» **What to do**:
Repeat exactly, and only, the lines below starting at the line that contains "Womens 1/4 CT." and ending at the line that contains "Snake Skin Case", inclusive of both.

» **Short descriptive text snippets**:
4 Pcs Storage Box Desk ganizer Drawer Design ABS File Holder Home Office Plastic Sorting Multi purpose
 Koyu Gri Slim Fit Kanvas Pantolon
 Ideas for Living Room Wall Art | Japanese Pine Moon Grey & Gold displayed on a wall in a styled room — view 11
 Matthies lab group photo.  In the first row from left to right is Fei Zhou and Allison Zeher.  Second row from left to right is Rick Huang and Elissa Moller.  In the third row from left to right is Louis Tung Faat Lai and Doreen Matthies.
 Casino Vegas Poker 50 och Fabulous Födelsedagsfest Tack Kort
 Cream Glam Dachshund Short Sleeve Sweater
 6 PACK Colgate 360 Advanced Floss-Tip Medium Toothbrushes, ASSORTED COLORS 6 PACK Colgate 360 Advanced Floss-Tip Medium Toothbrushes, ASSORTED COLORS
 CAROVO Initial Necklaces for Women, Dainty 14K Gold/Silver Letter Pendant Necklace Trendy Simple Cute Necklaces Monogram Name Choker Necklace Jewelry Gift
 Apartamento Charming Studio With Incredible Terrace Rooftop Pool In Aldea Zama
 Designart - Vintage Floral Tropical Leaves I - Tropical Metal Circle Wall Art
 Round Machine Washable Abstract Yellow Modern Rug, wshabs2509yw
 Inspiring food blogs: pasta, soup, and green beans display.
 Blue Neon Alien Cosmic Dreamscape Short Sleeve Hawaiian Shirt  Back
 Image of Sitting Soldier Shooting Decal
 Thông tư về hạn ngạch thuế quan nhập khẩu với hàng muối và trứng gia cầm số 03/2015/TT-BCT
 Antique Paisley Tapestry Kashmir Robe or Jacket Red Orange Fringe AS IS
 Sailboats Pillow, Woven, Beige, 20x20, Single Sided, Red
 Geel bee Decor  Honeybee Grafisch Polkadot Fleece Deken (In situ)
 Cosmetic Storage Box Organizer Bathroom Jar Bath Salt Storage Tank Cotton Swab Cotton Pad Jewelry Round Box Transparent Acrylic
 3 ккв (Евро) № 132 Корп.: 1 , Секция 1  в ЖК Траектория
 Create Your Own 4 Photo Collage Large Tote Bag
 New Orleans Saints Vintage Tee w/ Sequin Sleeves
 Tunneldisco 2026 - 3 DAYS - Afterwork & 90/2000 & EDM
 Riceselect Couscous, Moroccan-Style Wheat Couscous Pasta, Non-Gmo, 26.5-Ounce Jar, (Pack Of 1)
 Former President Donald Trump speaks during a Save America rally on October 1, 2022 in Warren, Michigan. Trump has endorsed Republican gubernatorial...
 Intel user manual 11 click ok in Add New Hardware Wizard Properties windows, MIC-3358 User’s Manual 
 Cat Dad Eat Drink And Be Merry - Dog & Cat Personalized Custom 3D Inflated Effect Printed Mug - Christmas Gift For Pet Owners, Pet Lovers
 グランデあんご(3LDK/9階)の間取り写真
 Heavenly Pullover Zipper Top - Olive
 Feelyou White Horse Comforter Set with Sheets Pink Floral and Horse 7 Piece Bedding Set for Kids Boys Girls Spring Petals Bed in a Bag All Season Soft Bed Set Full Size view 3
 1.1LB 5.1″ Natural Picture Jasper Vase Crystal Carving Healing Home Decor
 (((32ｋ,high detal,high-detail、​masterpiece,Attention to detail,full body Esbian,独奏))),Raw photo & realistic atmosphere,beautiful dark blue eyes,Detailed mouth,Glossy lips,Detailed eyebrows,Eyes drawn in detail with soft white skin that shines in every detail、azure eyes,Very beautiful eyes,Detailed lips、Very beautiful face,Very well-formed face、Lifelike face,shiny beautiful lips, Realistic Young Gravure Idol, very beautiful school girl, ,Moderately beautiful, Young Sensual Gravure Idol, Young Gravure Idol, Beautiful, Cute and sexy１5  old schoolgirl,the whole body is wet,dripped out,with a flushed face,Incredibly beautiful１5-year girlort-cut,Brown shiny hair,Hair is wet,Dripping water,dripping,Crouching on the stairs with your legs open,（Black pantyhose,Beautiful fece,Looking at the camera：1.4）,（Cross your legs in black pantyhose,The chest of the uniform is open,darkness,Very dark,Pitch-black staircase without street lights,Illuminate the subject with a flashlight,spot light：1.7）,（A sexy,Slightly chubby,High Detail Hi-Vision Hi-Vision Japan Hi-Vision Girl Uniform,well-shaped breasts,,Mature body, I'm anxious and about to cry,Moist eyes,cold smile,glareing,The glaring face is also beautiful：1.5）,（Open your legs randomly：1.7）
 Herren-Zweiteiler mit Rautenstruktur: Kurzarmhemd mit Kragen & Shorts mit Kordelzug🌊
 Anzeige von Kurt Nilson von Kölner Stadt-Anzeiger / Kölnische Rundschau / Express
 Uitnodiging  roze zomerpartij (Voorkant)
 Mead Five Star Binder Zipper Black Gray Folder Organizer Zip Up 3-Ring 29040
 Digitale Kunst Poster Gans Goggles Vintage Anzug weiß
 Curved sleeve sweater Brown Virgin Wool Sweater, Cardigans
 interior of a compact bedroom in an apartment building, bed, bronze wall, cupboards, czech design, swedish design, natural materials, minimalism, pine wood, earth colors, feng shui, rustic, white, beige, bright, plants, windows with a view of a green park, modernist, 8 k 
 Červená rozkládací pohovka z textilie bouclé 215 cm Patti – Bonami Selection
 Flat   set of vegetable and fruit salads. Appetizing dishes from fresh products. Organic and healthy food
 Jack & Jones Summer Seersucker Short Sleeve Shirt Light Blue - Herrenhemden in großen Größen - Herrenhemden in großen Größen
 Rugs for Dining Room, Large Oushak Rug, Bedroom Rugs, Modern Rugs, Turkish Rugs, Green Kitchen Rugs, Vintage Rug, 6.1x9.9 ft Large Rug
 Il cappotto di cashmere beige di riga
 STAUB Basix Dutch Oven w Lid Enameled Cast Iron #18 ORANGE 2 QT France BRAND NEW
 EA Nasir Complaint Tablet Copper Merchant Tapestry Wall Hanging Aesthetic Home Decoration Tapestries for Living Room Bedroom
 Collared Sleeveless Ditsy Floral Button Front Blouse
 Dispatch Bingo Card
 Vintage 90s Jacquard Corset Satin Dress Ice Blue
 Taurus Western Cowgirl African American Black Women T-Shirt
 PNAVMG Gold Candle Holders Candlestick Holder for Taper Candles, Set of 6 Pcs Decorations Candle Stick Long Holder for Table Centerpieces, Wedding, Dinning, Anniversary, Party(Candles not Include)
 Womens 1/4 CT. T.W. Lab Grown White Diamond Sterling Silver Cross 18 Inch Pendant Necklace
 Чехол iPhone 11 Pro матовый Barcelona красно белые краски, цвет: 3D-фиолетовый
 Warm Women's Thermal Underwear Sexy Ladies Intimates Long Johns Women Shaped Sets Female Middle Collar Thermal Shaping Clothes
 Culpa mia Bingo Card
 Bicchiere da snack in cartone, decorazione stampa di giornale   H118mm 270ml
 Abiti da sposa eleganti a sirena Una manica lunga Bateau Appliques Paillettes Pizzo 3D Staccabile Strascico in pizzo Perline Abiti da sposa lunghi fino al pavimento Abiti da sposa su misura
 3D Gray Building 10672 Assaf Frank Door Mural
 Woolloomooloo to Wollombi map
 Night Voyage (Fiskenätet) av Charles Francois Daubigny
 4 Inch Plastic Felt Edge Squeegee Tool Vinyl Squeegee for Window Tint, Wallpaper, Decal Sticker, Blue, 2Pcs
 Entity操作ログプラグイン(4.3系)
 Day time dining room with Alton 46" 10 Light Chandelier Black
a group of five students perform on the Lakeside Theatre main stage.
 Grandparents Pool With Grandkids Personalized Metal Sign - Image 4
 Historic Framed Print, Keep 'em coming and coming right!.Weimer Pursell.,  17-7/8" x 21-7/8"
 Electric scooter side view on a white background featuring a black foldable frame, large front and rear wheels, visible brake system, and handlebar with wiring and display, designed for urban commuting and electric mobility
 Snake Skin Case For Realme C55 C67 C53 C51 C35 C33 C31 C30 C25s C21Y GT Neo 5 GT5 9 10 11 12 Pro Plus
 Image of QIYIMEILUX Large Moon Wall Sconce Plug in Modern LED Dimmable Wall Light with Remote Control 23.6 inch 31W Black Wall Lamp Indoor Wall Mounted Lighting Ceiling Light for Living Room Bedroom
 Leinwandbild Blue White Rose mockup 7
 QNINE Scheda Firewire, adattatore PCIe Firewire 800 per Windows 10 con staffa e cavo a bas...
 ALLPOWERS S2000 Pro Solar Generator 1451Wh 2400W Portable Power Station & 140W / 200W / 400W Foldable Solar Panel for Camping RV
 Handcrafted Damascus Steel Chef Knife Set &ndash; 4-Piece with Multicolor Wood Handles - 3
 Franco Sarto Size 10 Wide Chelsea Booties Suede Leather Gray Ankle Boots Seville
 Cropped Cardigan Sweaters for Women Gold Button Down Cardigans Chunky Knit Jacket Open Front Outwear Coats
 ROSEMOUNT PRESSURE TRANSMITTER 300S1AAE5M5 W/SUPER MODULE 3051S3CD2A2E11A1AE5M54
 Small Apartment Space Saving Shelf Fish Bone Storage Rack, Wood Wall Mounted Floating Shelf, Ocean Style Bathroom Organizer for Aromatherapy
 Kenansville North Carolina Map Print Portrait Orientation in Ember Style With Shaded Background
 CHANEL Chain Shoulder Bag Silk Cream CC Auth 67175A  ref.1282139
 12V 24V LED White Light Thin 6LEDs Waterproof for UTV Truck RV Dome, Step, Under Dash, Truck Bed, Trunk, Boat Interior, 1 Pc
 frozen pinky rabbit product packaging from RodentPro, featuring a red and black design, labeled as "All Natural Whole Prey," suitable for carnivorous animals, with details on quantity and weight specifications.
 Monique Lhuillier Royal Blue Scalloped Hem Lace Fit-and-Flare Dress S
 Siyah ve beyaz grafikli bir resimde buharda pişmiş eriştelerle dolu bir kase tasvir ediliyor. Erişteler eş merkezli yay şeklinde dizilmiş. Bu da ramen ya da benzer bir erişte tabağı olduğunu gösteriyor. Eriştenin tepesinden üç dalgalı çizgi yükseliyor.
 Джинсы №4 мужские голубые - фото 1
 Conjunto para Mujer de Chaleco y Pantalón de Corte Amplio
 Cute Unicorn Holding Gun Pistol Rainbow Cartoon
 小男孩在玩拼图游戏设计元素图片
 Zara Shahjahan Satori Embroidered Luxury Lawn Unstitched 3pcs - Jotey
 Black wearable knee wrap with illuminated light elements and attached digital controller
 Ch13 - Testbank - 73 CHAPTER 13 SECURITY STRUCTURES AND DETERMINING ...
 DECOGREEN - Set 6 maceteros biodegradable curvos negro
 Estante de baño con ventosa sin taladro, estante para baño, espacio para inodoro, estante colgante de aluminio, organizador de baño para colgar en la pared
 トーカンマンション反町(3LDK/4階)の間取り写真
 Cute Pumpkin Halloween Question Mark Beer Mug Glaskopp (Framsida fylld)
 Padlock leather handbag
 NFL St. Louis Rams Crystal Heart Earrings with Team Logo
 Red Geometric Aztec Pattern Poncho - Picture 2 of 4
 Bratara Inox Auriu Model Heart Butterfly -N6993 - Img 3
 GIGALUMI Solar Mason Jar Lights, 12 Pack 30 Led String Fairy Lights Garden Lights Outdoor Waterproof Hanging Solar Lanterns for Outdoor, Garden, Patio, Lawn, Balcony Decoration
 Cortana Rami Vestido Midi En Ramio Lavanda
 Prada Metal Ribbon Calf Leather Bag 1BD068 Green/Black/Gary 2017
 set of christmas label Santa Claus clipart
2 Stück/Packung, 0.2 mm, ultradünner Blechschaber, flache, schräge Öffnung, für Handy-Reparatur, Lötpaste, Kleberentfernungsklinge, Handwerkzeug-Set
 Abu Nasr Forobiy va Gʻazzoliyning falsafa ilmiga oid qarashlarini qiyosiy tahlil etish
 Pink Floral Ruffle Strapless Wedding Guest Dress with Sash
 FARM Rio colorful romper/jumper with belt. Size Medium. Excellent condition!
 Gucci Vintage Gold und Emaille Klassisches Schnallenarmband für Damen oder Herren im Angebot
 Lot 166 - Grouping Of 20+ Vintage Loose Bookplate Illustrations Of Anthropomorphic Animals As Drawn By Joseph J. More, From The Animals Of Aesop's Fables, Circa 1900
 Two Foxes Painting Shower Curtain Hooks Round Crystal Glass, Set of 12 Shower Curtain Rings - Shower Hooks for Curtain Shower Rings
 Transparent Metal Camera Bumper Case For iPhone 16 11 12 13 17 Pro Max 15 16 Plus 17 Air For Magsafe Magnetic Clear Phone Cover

» **Solution for this exercise**:
 Womens 1/4 CT. T.W. Lab Grown White Diamond Sterling Silver Cross 18 Inch Pendant Necklace
 Чехол iPhone 11 Pro матовый Barcelona красно белые краски, цвет: 3D-фиолетовый
 Warm Women's Thermal Underwear Sexy Ladies Intimates Long Johns Women Shaped Sets Female Middle Collar Thermal Shaping Clothes
 Culpa mia Bingo Card
 Bicchiere da snack in cartone, decorazione stampa di giornale   H118mm 270ml
 Abiti da sposa eleganti a sirena Una manica lunga Bateau Appliques Paillettes Pizzo 3D Staccabile Strascico in pizzo Perline Abiti da sposa lunghi fino al pavimento Abiti da sposa su misura
 3D Gray Building 10672 Assaf Frank Door Mural
 Woolloomooloo to Wollombi map
 Night Voyage (Fiskenätet) av Charles Francois Daubigny
 4 Inch Plastic Felt Edge Squeegee Tool Vinyl Squeegee for Window Tint, Wallpaper, Decal Sticker, Blue, 2Pcs
 Entity操作ログプラグイン(4.3系)
 Day time dining room with Alton 46" 10 Light Chandelier Black
a group of five students perform on the Lakeside Theatre main stage.
 Grandparents Pool With Grandkids Personalized Metal Sign - Image 4
 Historic Framed Print, Keep 'em coming and coming right!.Weimer Pursell.,  17-7/8" x 21-7/8"
 Electric scooter side view on a white background featuring a black foldable frame, large front and rear wheels, visible brake system, and handlebar with wiring and display, designed for urban commuting and electric mobility
 Snake Skin Case For Realme C55 C67 C53 C51 C35 C33 C31 C30 C25s C21Y GT Neo 5 GT5 9 10 11 12 Pro Plus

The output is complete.